If the Federal Reserve lowers the rate it charges for overnight lending to banks, that would cut the prime rate that moves in tandem with it and reduce the interest on many types of adjustable home loans, including home equity mortgages.
Federal Reserve policy makers probably will keep the overnight bank lending rate unchanged at a six-year high of 5.25 percent when they next meet on June 27, according to a Bloomberg survey of 72 economists.
Boom and Bust
Homebuyers who got an adjustable-rate mortgage, a so-called ARM, in 2004 have seen their rate climb by about 40 percent. That’s enough to add $288 to the monthly payment for a $300,000 mortgage. The average adjustable rate last week was 5.75 percent, an 11-month high, according to Freddie Mac.
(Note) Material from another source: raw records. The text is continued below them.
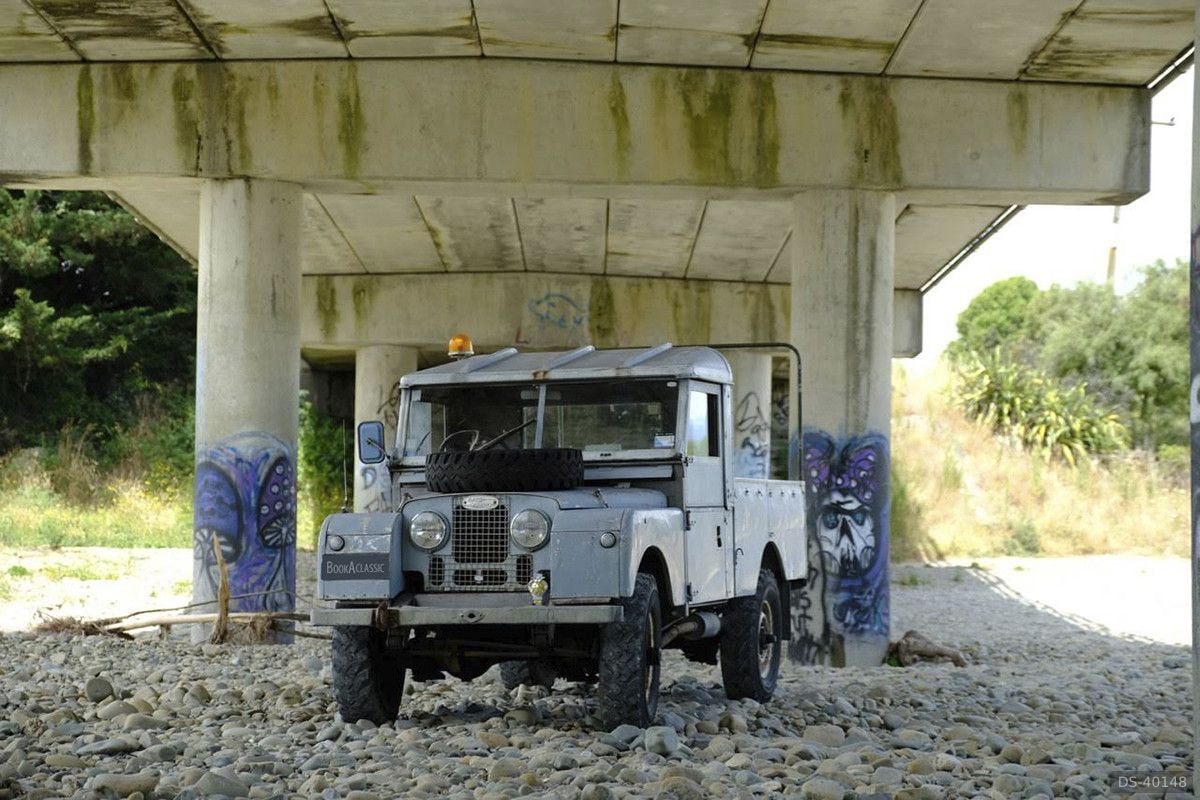 1955 Land Rover 107 in Nelson 9
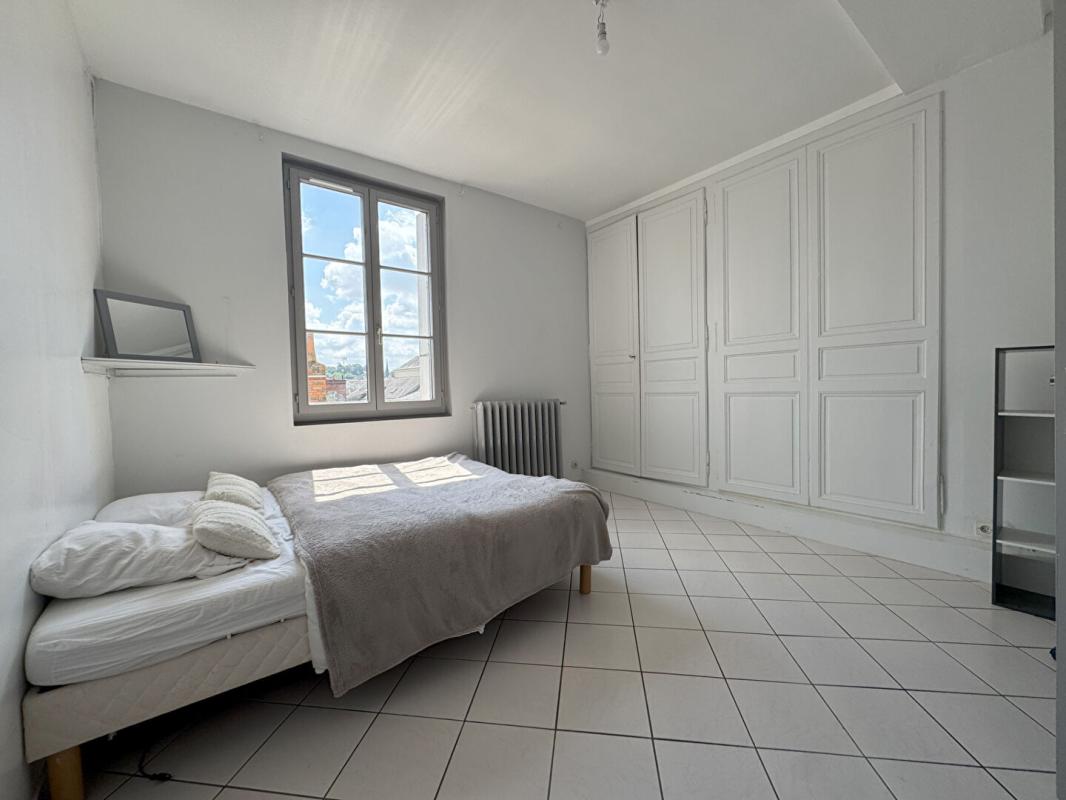 SAUMUR EXCLUSIVITE A VENDRE  49000 SAUMUR Appartement 3 pièces 82 m² balcon 5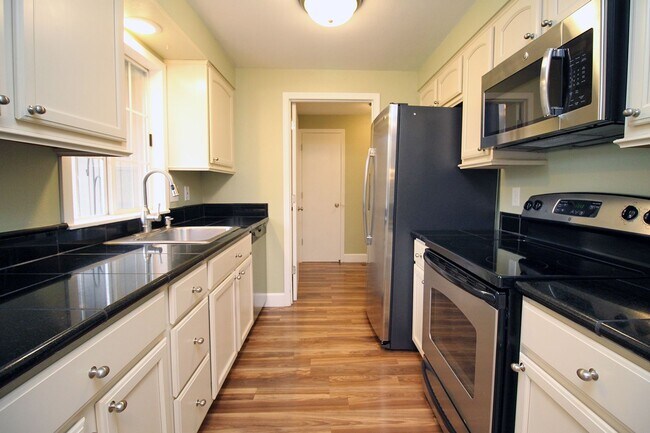 Building Photo - Updated 3 Bed/2 Bath Milwaukie Ranch Home Set On A Gorgeous Lot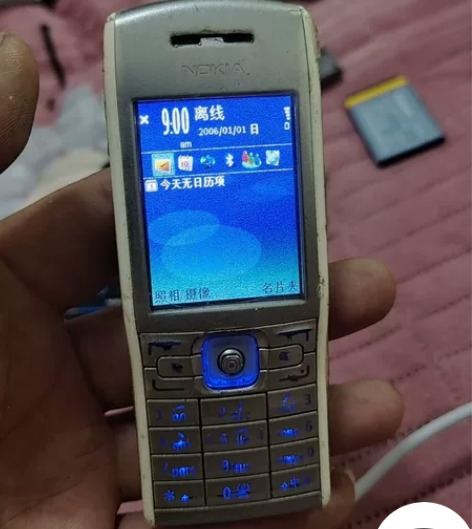 诺基亚E50 前面贴膜一机一电池开机如图按...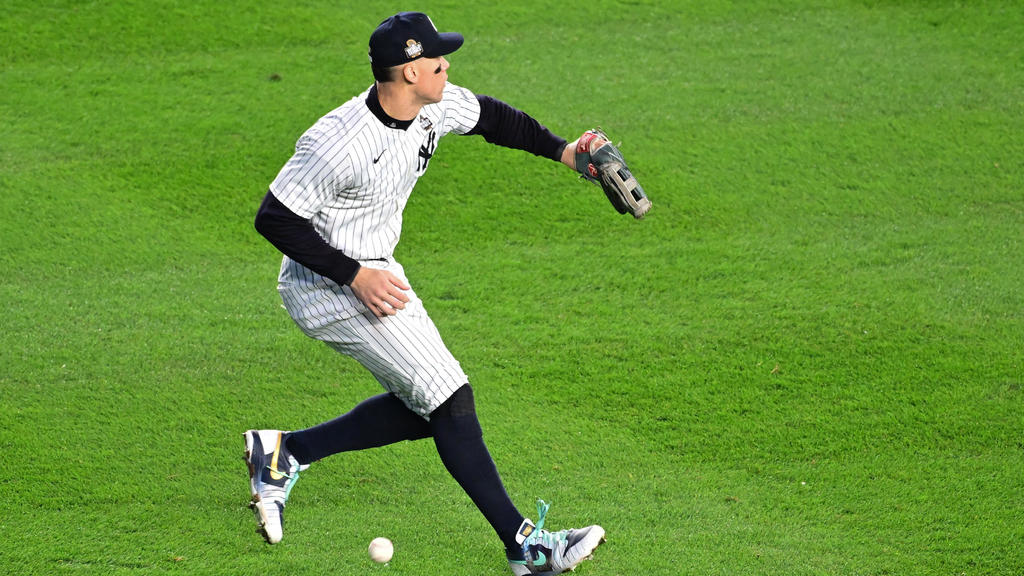 Yankees done in by brutal defense, mental mistakes, errors in Game 5
of the World Series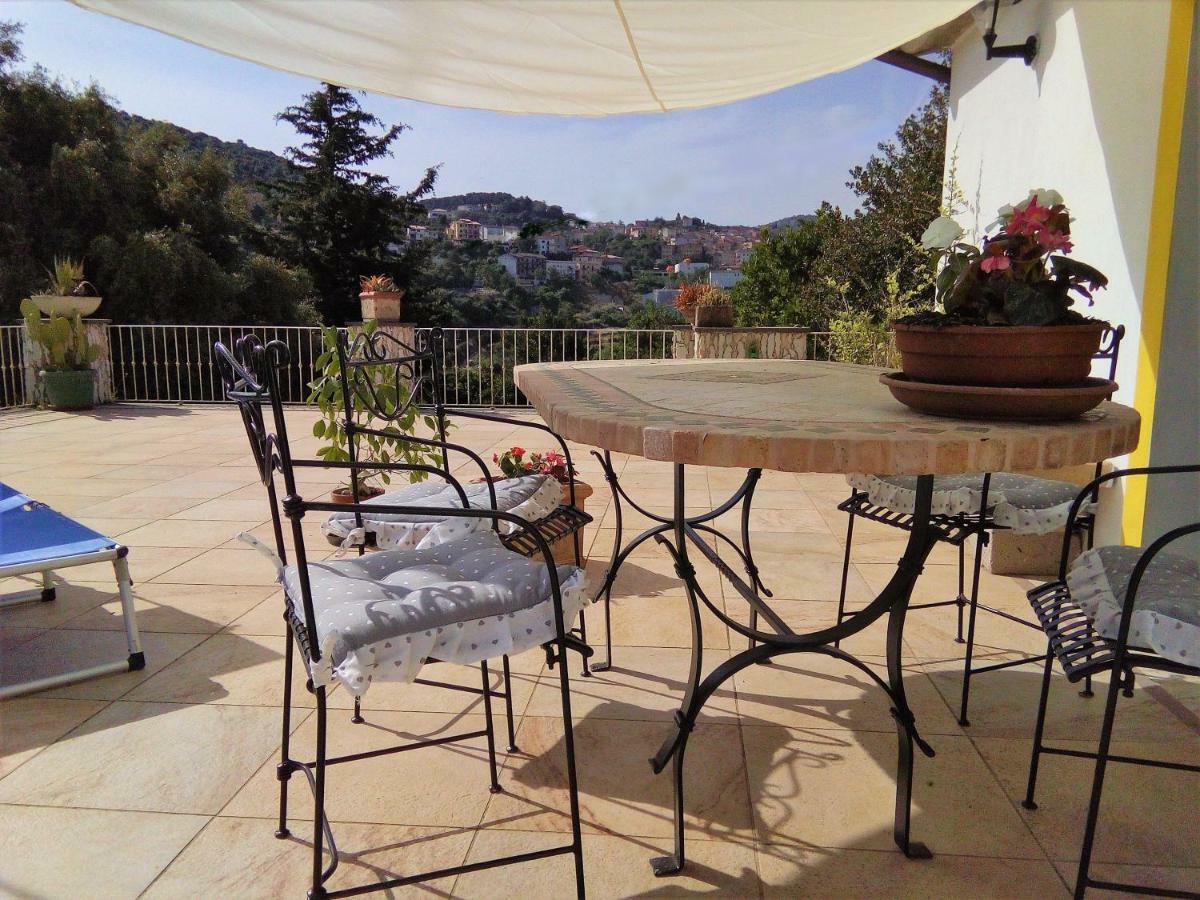 אוציירי Casa D' Artista B&B מראה חיצוני תמונה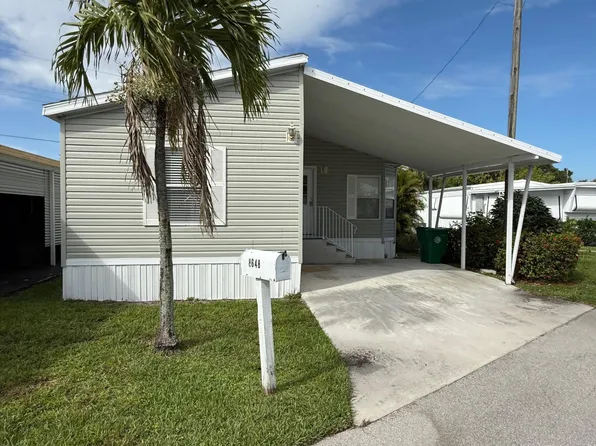8648 SW 16th Place, Davie, FL 33324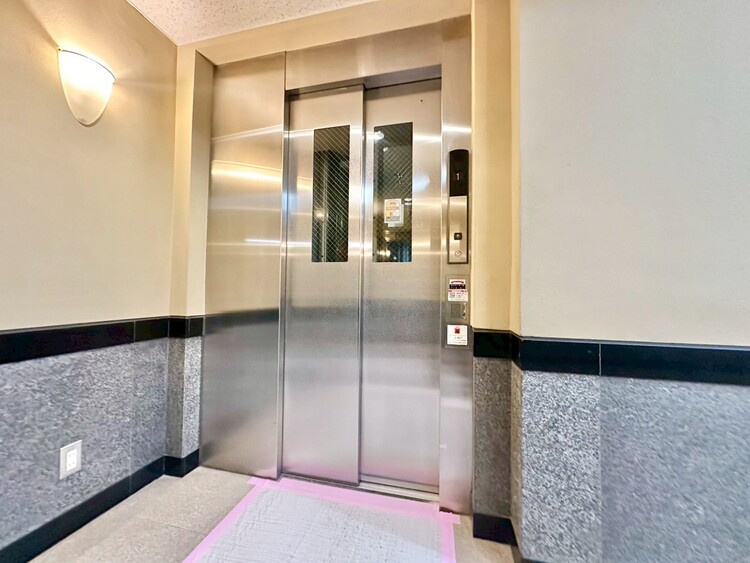 その他 エレベーター完備のため荷物が多くなっても安心。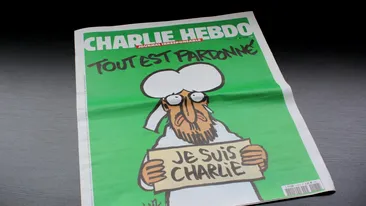 Incident șocant! O femeie, îmbrăcată într-un tricou cu Charlie Hebdo, a fost înjunghiată într-un parc din Londra. Cine este victima atacului. VIDEO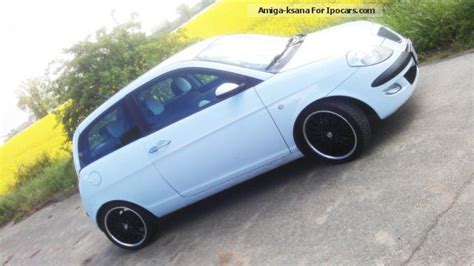 2006 Lancia Y 1.2 16v alloy wheels and great paint color - Car Photo and Specs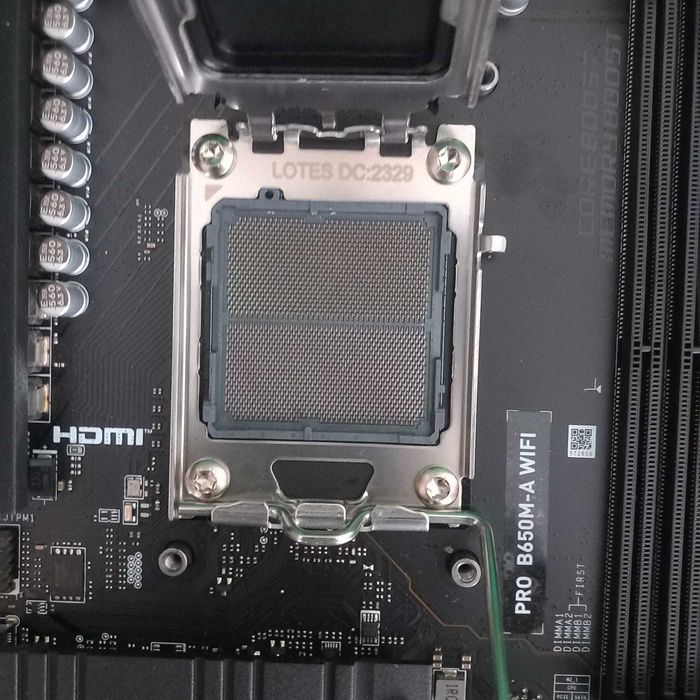 Motherboard AM5 MSI PRO B650M-A WIFI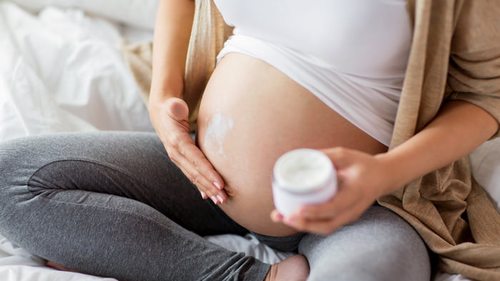 Косметика для беременных — какой она должна быть?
Roubini predicts the decline in U.S. home sales will last at least another 12 months, reducing the median house price by 5 percent this year and next. That would take home prices back to 2004, when the national median was $195,200.
The primary cause of the 1990 to 1991 recession was a real estate boom and bust similar to the past seven years, Roubini said. A real estate “bubble” in the mid-1980s led to speculative buying and lower credit standards that resulted in widespread foreclosures, he said. The defaults triggered a credit crunch that turned into an economic recession in the spring of 1990, said Roubini, who is an economics professor at New York University’s Stern School of Business.
He put the chance of a recession this year at “50-50,” above former Fed chief Greenspan’s 33 percent estimate. A recession is a decline in gross domestic product for two consecutive quarters.
Greenspan warned of “froth” in the real estate market in 2005, before leaving the central bank in January 2006. Three months ago Greenspan said there was a “one-third probability” of an economic recession this year, in large part due to the unsteady housing market. He reiterated that view last month at a conference hosted by Merrill Lynch & Co. in Singapore
“There is no doubt there is a slowdown going on in the U.S.,” Greenspan said at the conference. “We are clearly having troubles in the capital investment area, as well as potentially in the consumption area and obviously housing being a significant drag.”
A Fed survey of senior loan officers issued in April said that 45 percent of lenders had restricted “nontraditional” lending, such as interest-only mortgages, and 15 percent had tightened standards for the most creditworthy, or prime, borrowers. More than half had raised standards for subprime borrowers, according to the survey.
Subprime mortgages have rates that are at least 2 or 3 percentage points above the safest so-called prime loans. Such loans made up about a fifth of all new mortgages last year, according to the Mortgage Bankers Association in Washington.
Making it harder for those people to buy houses is going to create trouble all the way up the housing chain as people who own starter homes find it more difficult to sell their real estate and buy bigger properties, said Neal Soss, chief economist at Credit Suisse Holdings USA Inc. in New York.
“The subprime market has changed character dramatically, and that takes a number of entry-level buyers out of the picture,” said Soss, who was an adviser to former Fed Chairman Paul Volcker.
Home sales won’t increase in any sustained way until 2008, though the stumble probably won’t cause a recession because the housing market hasn’t reduced consumer spending, he said.
Retail Sales Endure
“Here we are a year and a half into the housing slowdown and retail sales are off the chart,” Soss said. The economy expanded at a 1.9 percent pace in the first quarter, compared with a year earlier, the smallest gain since the 1.8 percent rate in the second quarter of 2003, “but it hasn’t collapsed, and I don’t think it will,” he said.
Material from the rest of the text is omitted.